These restrictions may impair our ability to outsource manufacturing, engage in change of control transactions or otherwise transfer our know-how outside Israel and may require us to obtain the approval or the IIA for certain actions and transactions and pay additional royalties to the IIA. In particular, any change of control and any change of ownership of our Ordinary Shares that would make a non-Israeli citizen or resident an “interested party,” as defined in the R&D Law, requires a prior written notice to the IIA in addition to any payment that may be required of us for transfer of manufacturing or know-how outside Israel. If we fail to comply with the R&D Law, we may be subject to criminal charges.

 

Tax Benefits for Research and Development

 

Israeli tax law allows, under certain conditions, a tax deduction for expenditures, including capital expenditures, for the year in which they are incurred.
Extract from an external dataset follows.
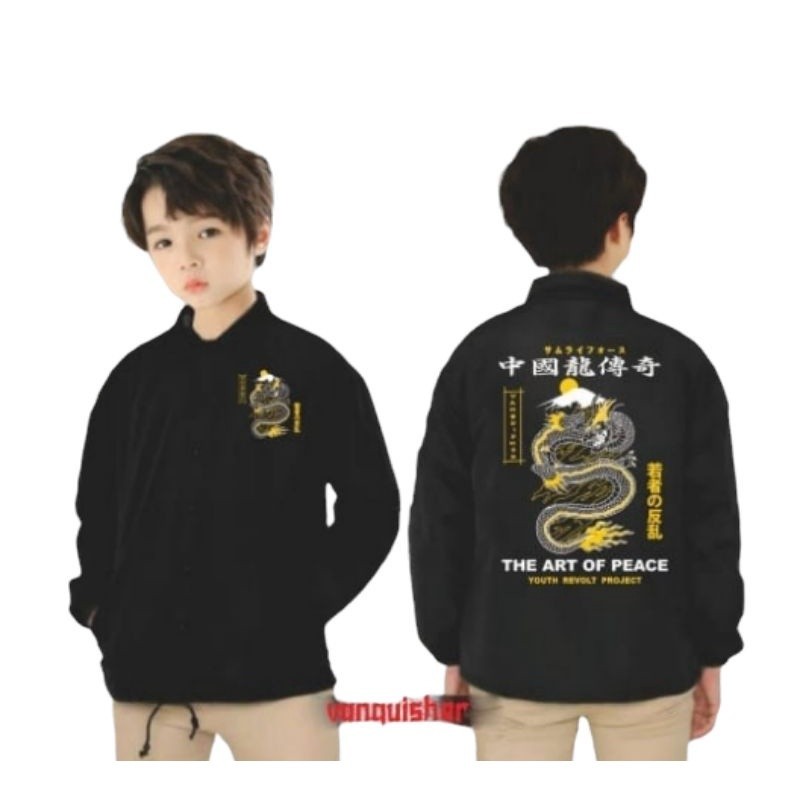HSN55 | JAKET NAGA ANAK ANAK-JAKET COACH ANAK TANGGUNG-jaket anak #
Expenditures are deemed related to scientific research and development projects, if:

 

  The expenditures are approved by the relevant Israeli government ministry, determined by the field of research;

 

  The research and development must be for the promotion of the company; and

 

  The research and development is carried out by or on behalf of the company seeking such tax deduction.

 

The amount of such deductible expenses is reduced by the sum of any funds received through government grants for the finance of such scientific research and development projects. No deduction under these research and development deduction rules is allowed if such deduction is related to an expense invested in an asset depreciable under the general depreciation rules of the income Tax Ordinance, 1961. Expenditures not so approved are deductible in equal amounts over three years.

 

From time to time we may apply the Office of the Chief Scientist for approval to allow a tax deduction for all research and development expenses during the year incurred. There can be no assurance that such application will be accepted.

 

Law for the Encouragement of Capital Investments, 5719-1959

 

The Law for the Encouragement of Capital Investments, 5719-1959, generally referred to as the Investment Law, provides certain incentives for capital investments in production facilities (or other eligible assets).

 

Tax Benefits

 

The Investment Law grants tax benefits for income generated by a “Preferred Company” through its “Preferred Enterprise” (as such terms are defined in the Investment Law) The definition of a Preferred Company includes a company incorporated in Israel that is not fully owned by a governmental entity, and that has, among other things, Preferred Enterprise status and is controlled and managed from Israel. A Preferred Company is entitled to a reduced corporate tax rate of 16% with respect to its income derived by its Preferred Enterprise, unless the Preferred Enterprise is located in a specified development zone, in which case the rate will be 7.5% as of January 1, 2017.

 

Dividends paid out of income attributed to a Preferred Enterprise are generally subject to withholding tax at source at the rate of 20% or such lower rate as may be provided in an applicable tax treaty. However, if such dividends are paid to an Israeli company, no tax is required to be withheld.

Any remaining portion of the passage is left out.